Con un nome riferito a un canide australiano, ma anche con una notevole carica post grunge, ecco i Death Town Dingo: li abbiamo intervistati.
Come è nato il nome Death Town Dingo?
Nei primi mesi di vita del gruppo mancavano certezze, un cantante e un repertorio completo. Con l’ingresso nel gruppo di Matt la band ha iniziato a macinare brani e i testi rispecchiavano in pieno le atmosfere e il sound che avevamo creato, ma mancava ancora un nome. La ricerca non è stata lunga ma dovevamo identificare un essere vivente, affamato, incazzato, emarginato e perseguitato in un contesto decadente e desolato. E così fu. Il canide australe ai margini di una cittadina spettrale abbandonata in un deserto polveroso ci apparse in sogno intimandoci in branco di attraversare la via principale costeggiata da cadaveri…
Ci parlate della vostra storia fino a qui?
Nessuno di noi si conosceva prima della fine del 2013. Io e Mik, il bassista, iniziammo a suonare insieme con il primo batterista dopo esserci conosciuti a un concerto.
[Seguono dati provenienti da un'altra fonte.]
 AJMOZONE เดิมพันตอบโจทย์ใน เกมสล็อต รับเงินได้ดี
I primi brani che avevano in mano, devo ammettere che mi stupirono sin dal primo ascolto perché era proprio quello che cercavo in quel periodo, un equilibrio fra grunge e alternative-metal immersi in uno stoner rock senza compromessi.
Mancava però il front-man, quello che doveva tradurre i nostri brani in parole, e che non tardò ad arrivare, per caso, per culo o per sfiga, alla fine conosciamo Matt… I mesi successivi furono molto pesanti, perché dopo i primi live ci siamo trovati già ad aver a che fare con cambi di line-up, due batteristi in poco più di sei mesi se li è mangiati il dingo e già eravamo in ginocchio dopo aver fatto altre 5-6 date nel Milanese e dintorni. Entro poche settimane, però Sergio era già pronto e da giugno-luglio 2015 dopo aver avuto il culo per terra, abbiamo tirato fuori le palle e non ci siamo più fermati.
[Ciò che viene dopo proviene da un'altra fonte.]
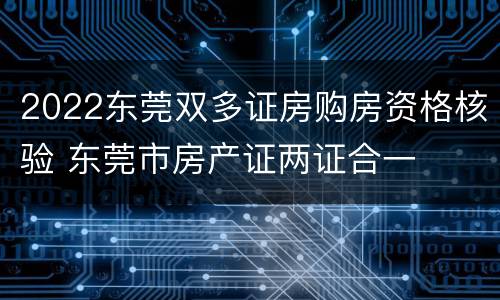 2022东莞双多证房购房资格核验 东莞市房产证两证合一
Come è nato il vostro album omonimo? E le sue sonorità?
Come dicevo prima, dopo aver avuto momenti molto cupi, in pochissimo tempo abbiamo dovuto rialzare la testa per ricominciare da zero per due volte: così abbiamo deciso che il primo disco doveva rimarcare e sottolineare il nostro nome e noi stessi, non poteva che essere così. Dall’ingresso nel gruppo di Sergio abbiamo acquisito più groove e potenza e questo ha alimentato anche una migliore esecuzione dei brani e la generazione di sonorità più profonde prima solo accennate e sfiorate all’interno delle strutture dei brani che proponevamo. Le singole tracce, nei testi, raccontano esperienze personali e visioni della realtà degenerata attuale immerse nel contesto musicale turbolento, a cui non mancano momenti di riflessione, rabbia e reazioni incontrollate.
Che rapporti avete con il grunge del passato e del presente?
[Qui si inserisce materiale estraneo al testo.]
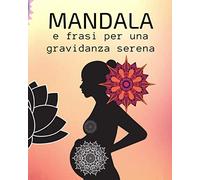 Mandala e frasi per una gravidanza serena: Libro da colorare con affermazioni potenti per donne in gravidanza con fantastici mandala. Libro antistress ... disegni rilassanti e affermazioni positive.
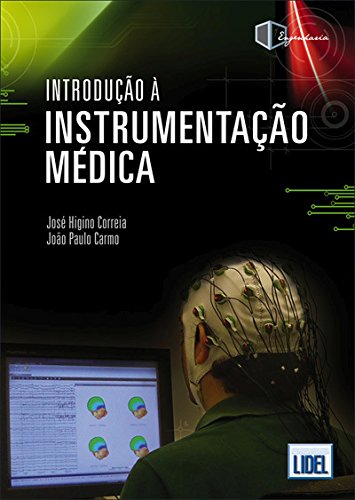 Ler Introdução à Instrumentação Médica, do autor João Paulo Carmo; José Higino Correia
Il grunge lo abbiamo suonato e ascoltato da talmente tanti anni che ci si è attaccato addosso. A livello compositivo, l’ispirazione arriva dagli anni ’90 senza dubbio e senza citare nomi irraggiungibili e troppo grossi per noi. L’esecuzione e le sonorità forse in alcuni casi si avvicinano di più alle recenti band che stanno rappresentando la nuova generazione di questo genere, ampliato, esteso e avvicinato anche ad altri stili musicali. Il grunge non è la nostra unica fonte d’ispirazione, anzi molto spesso ci allontaniamo per poi riavvicinarci senza essercene resi conto.
Ho letto che “I DEATH TOWN DINGO sono ispirati dalla rabbia e dal malessere nei confronti della decadenza del genere umano e della nostra società”. Cosa potete dirmi a riguardo?
Direi che, senza pretese, ci avviciniamo a quei gruppi che fanno musica per scuotere, spronare o indurre la gente a una reazione rispetto alle situazioni negative che viviamo ogni giorno, ai fatti che ci vengono buttati in faccia senza ritegno e che contraddistinguono la degenerazione della società a partire da chi comanda il sistema e che contagia continuamente il mondo in cui viviamo.
A livello culturale ed etico stiamo assistendo a un tracollo clamoroso che ha coinvolto le masse ma che è arrivato pesantemente anche in mezzo a noi. Nella musica underground, esempio casuale, assistiamo a scena pietose di personaggi pietosi che stanno contaminando e hanno inquinato da tutti i lati anche gli ambienti che si credevano fonti di cultura e aggregazione con rivalità stupide, ipocrisia e ignoranza da dove vediamo, purtroppo, poche luci filtrare per il futuro. Noi non siamo pessimisti o negativi, anzi a livello personale non è così. La riflessione su quello che ci sta intorno però ci ha influenzati musicalmente e nella musica esprimiamo la nostra frustrazione e rabbia. Grazie per averci invitato e per questo spazio. A presto.